**To do**
Where the line containing "Transductor convexo para" appears, begin retyping; continue exactly through the final line of the data. Omit every picture.

Data provided: Begin

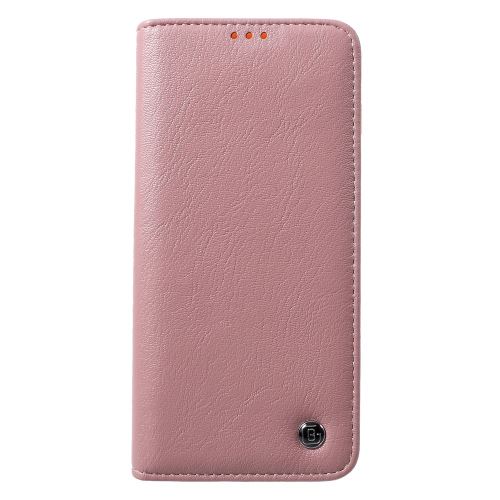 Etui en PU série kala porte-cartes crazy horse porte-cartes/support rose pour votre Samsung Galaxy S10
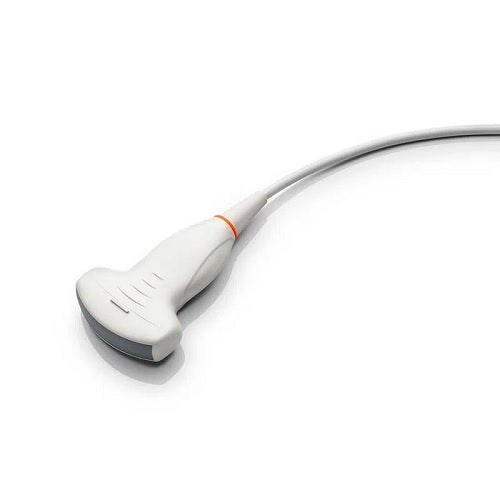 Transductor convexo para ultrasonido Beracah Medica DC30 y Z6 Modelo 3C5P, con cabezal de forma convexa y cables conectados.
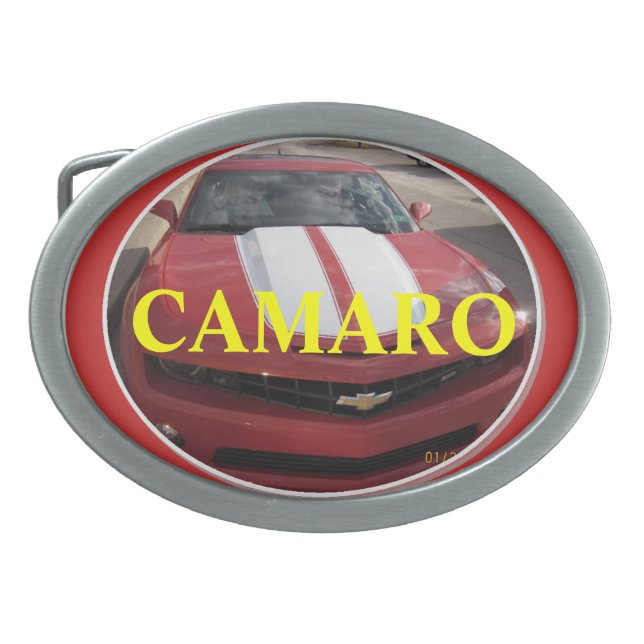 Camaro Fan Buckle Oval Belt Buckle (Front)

Data provided: End

**Task response**
 Transductor convexo para ultrasonido Beracah Medica DC30 y Z6 Modelo 3C5P, con cabezal de forma convexa y cables conectados.
 Camaro Fan Buckle Oval Belt Buckle (Front)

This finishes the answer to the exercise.